FDA Expands Label for Abiraterone Acetate (Zytiga) in Metastatic Prostate Cancer
The expanded FDA approval of abiraterone acetate (Zytiga) now includes its use prior to chemotherapy in men with metastatic castration-resistant prostate cancer.
The US Food and Drug Administration (FDA) has expanded the approved use of abiraterone acetate (Zytiga) to treat men with metastatic castration-resistant prostate cancer prior to receiving chemotherapy. The drug was initially approved in April 2011 for use in patients whose prostate cancer progressed after treatment with docetaxel.
“Today’s approval demonstrates the benefit of further evaluating a drug in an earlier disease setting and provides patients and health care providers the option of using Zytiga earlier in the course of treatment,” said Richard Pazdur, MD, director of the Office of Oncology Drug Products in the FDA’s Center for Drug Evaluation and Research, in a press release.
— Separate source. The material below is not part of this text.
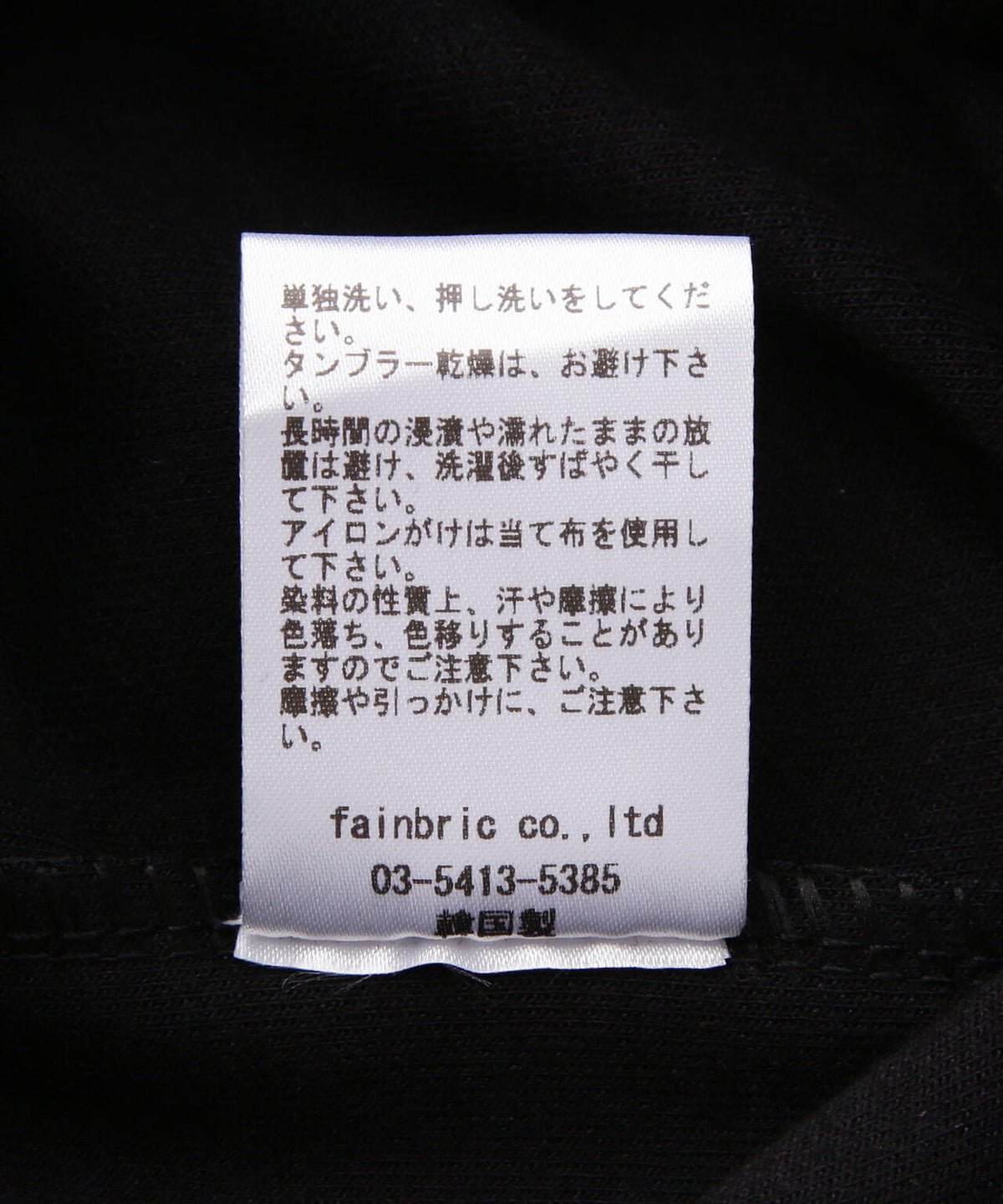 SIS/エスアイエス/SIDE LINE PANTS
The trial that led to the expanded approval was a clinical study of 1,088 men with late-stage, castration-resistant prostate cancer who had not been treated with chemotherapy. Participants received prednisone in combination with either abiraterone acetate or placebo. The study was designed to measure overall survival radiographic progression-free survival.
Patients who received the prednisone/abiraterone acetate combination had a median overall survival of 35.3 months compared with 30.1 months for those receiving prednisone/placebo.
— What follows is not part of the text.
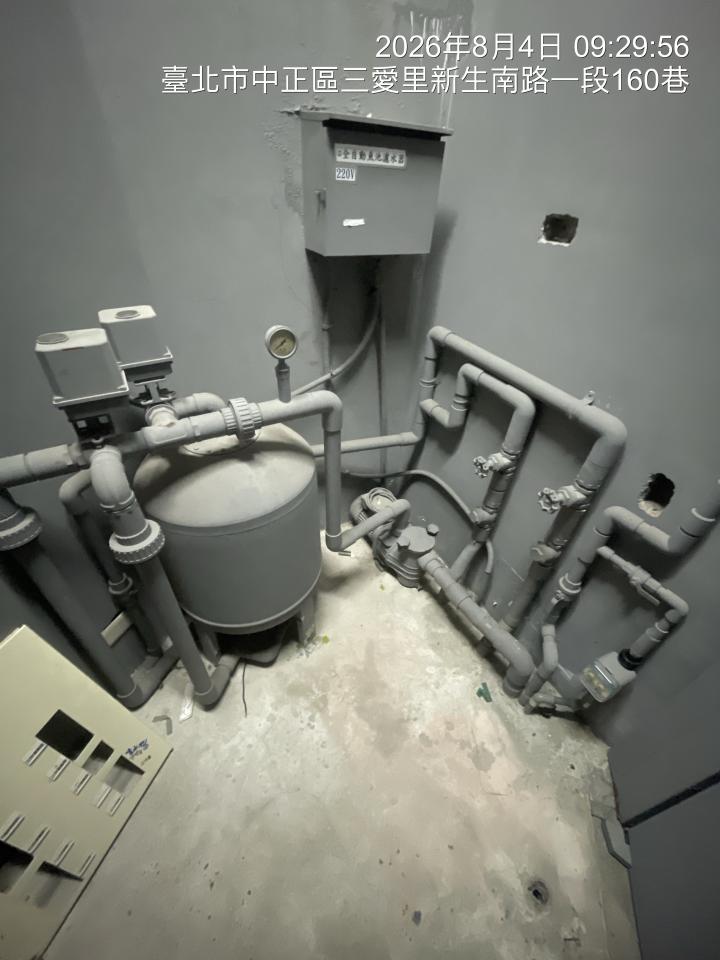 水電行案件圖片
Results from the study also showed an improvement in radiographic progression-free survival for those patients receiving abiraterone acetate. The median radiographic progression-free survival was 8.3 months in the placebo group and had not yet been reached at the time of analysis for patients treated with abiraterone acetate (hazard ratio, 0.43; 95% confidence interval, 0.35–0.52; P < .001).
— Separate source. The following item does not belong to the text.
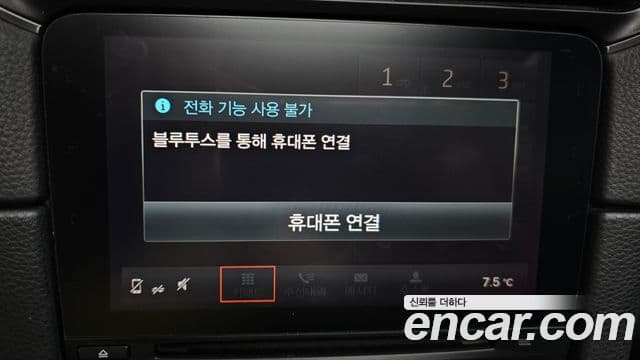 Porsche 911 991, 2017 16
Grade 3 or 4 adverse events in the prednisone/abiraterone acetate arm of the trial were reported in 48% of patients compared to 42% of patients in the prednisone/placebo arm. Serious adverse events were reported in 33% and 26% of patients, and adverse events that resulted in death were reported in 4% and 2% of patients, respectively.
The most common adverse events associated with abiraterone acetate include fatigue, peripheral edema, arthralgia, diarrhea, vomiting, high blood pressure, shortness of breath, cough, urinary tract infection, and bruising.
Grade 3 or 4 hepatotoxicity-related adverse events consisted primarily of a reversible elevation in aminotransferase levels (8% of patients in the prednisone/abiraterone acetate arm vs 3% of patients in the prednisone/placebo group).